WHAT YOU ARE ASKED TO DO: Please keep the pictures out and write out exactly the lines from the first in the data below through the one containing "SEYMAC stock Case", both included.

** Opening INPUT RECORDS block **

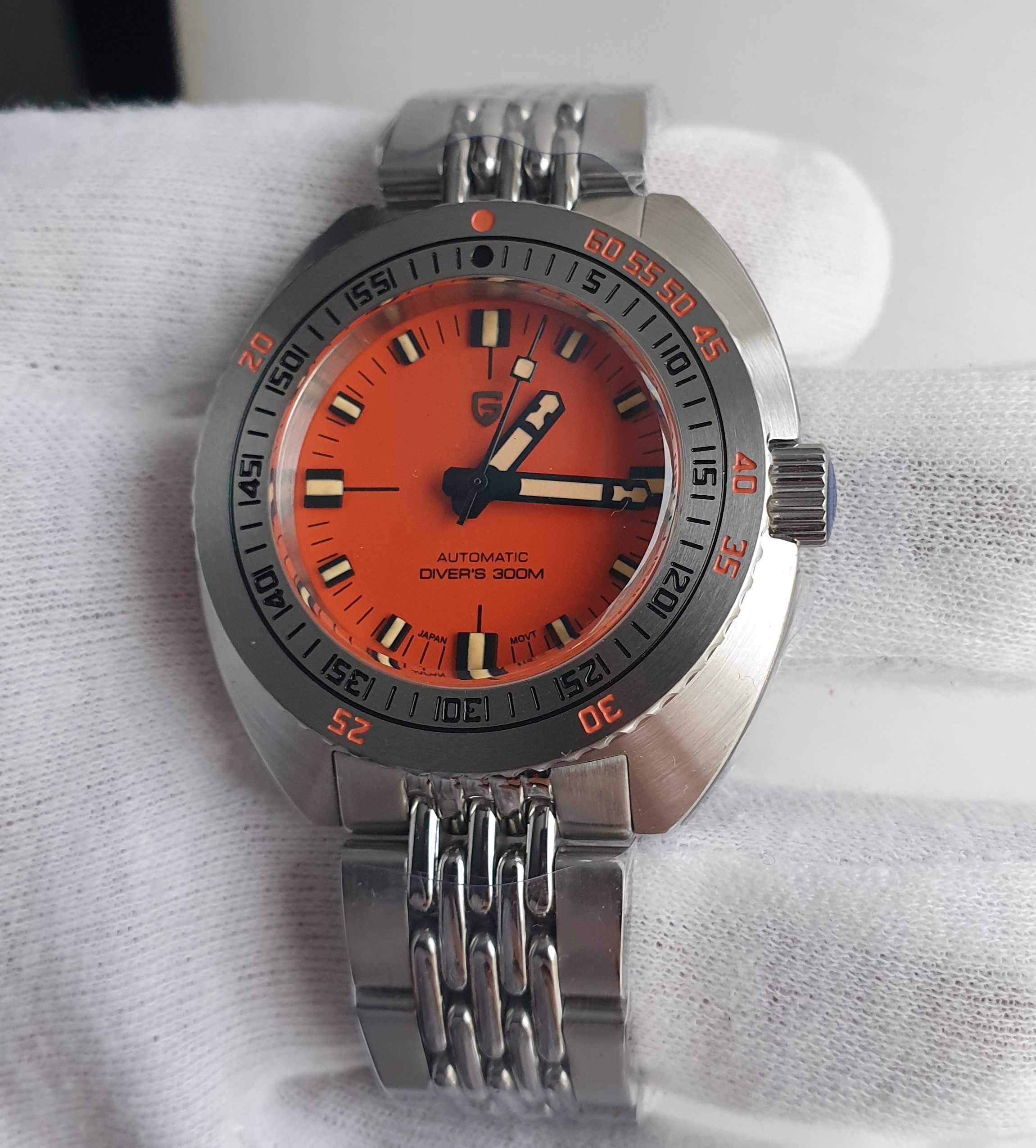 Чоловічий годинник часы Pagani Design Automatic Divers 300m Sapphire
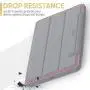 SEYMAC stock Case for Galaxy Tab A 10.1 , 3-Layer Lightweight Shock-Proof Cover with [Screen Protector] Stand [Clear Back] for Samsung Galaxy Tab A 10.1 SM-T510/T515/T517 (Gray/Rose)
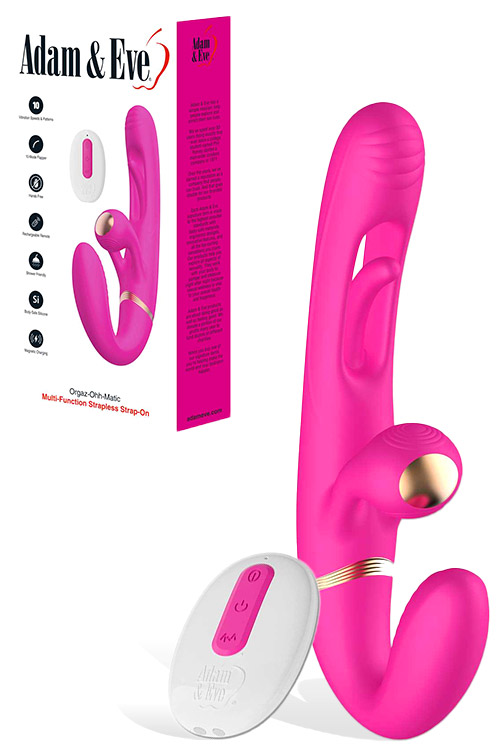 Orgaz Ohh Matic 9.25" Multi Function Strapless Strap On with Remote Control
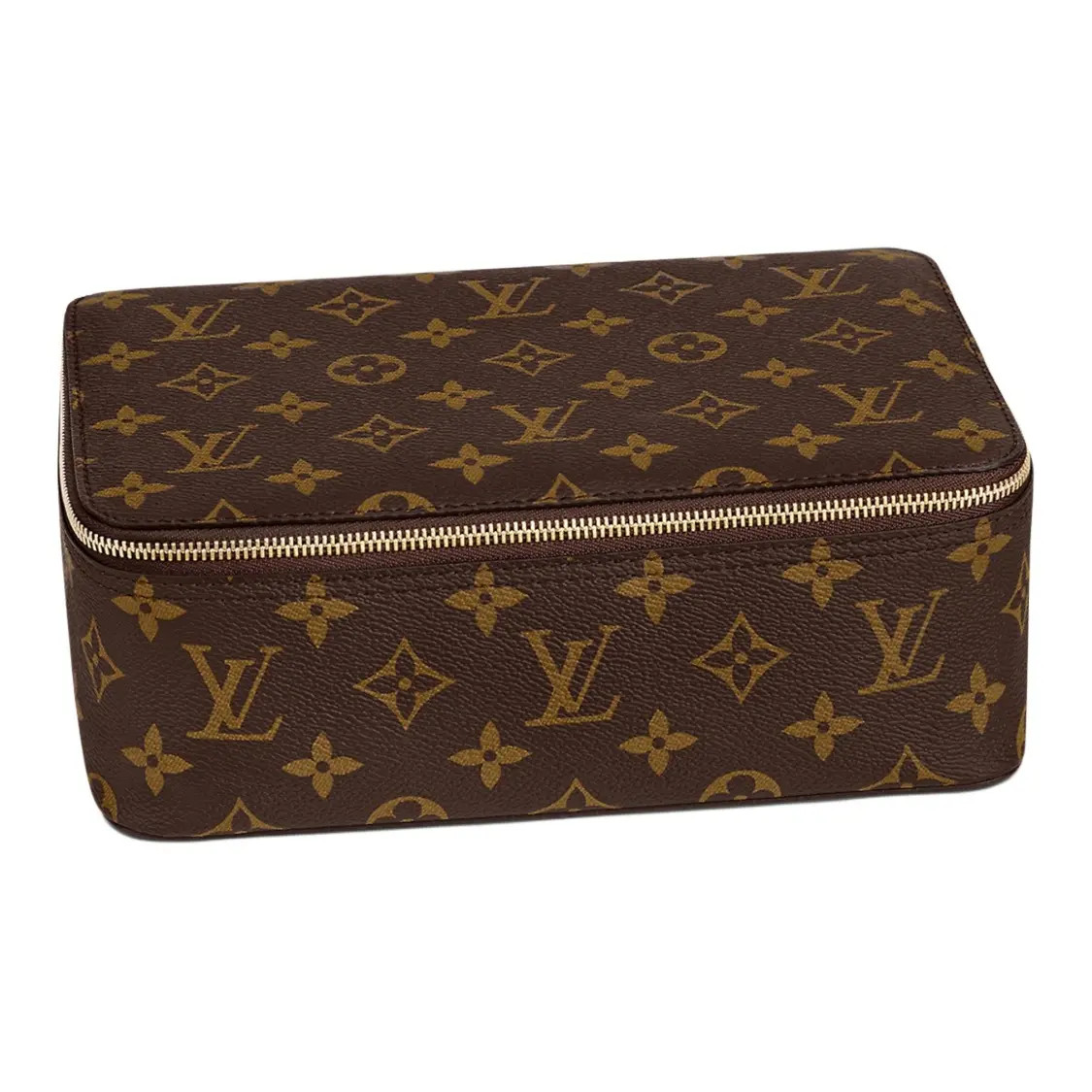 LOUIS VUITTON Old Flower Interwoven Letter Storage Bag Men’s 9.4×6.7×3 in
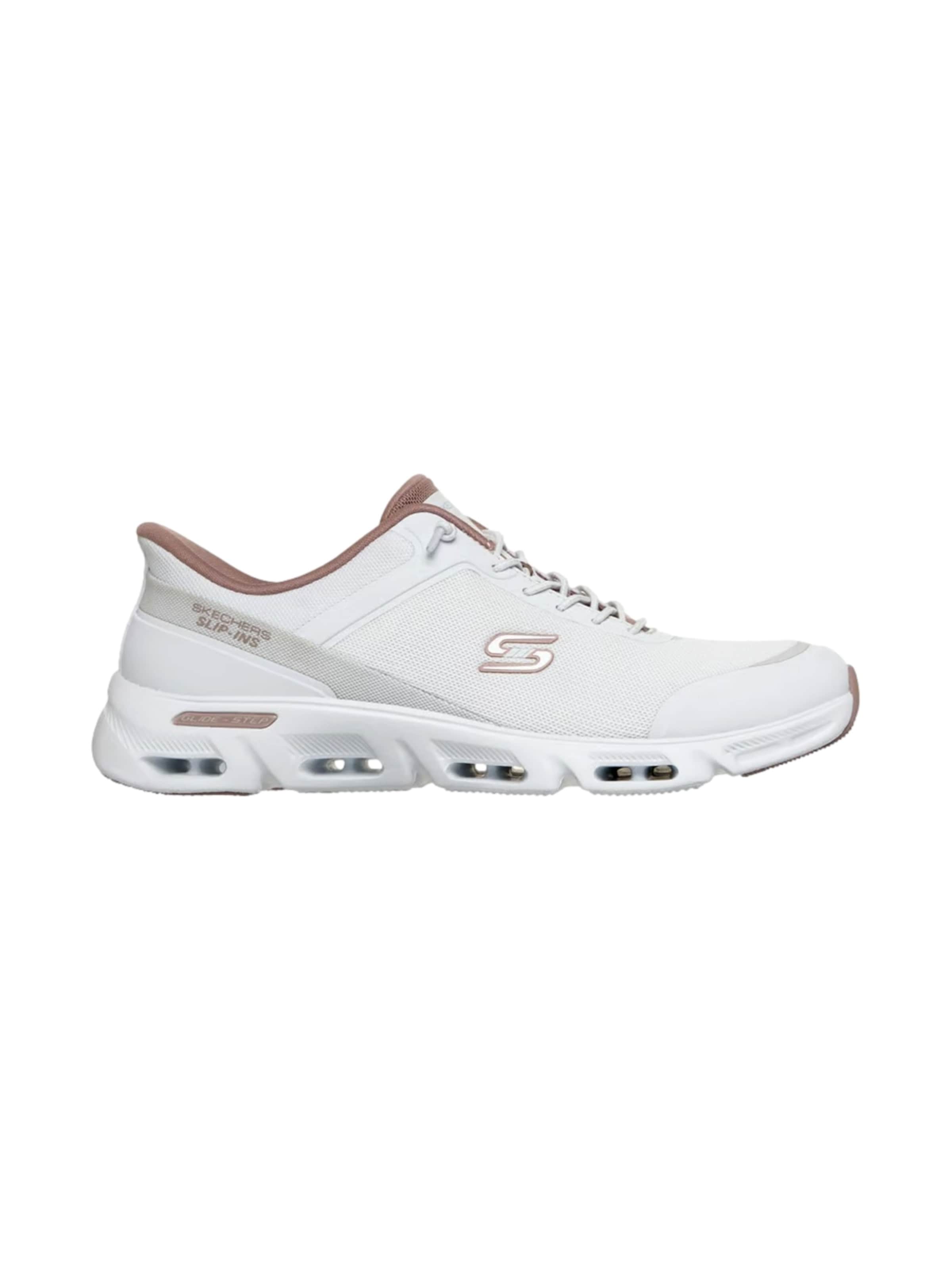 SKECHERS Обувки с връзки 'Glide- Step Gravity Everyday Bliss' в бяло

** Closing INPUT RECORDS block **

REPLY TO THE TASK:
 Чоловічий годинник часы Pagani Design Automatic Divers 300m Sapphire
 SEYMAC stock Case for Galaxy Tab A 10.1 , 3-Layer Lightweight Shock-Proof Cover with [Screen Protector] Stand [Clear Back] for Samsung Galaxy Tab A 10.1 SM-T510/T515/T517 (Gray/Rose)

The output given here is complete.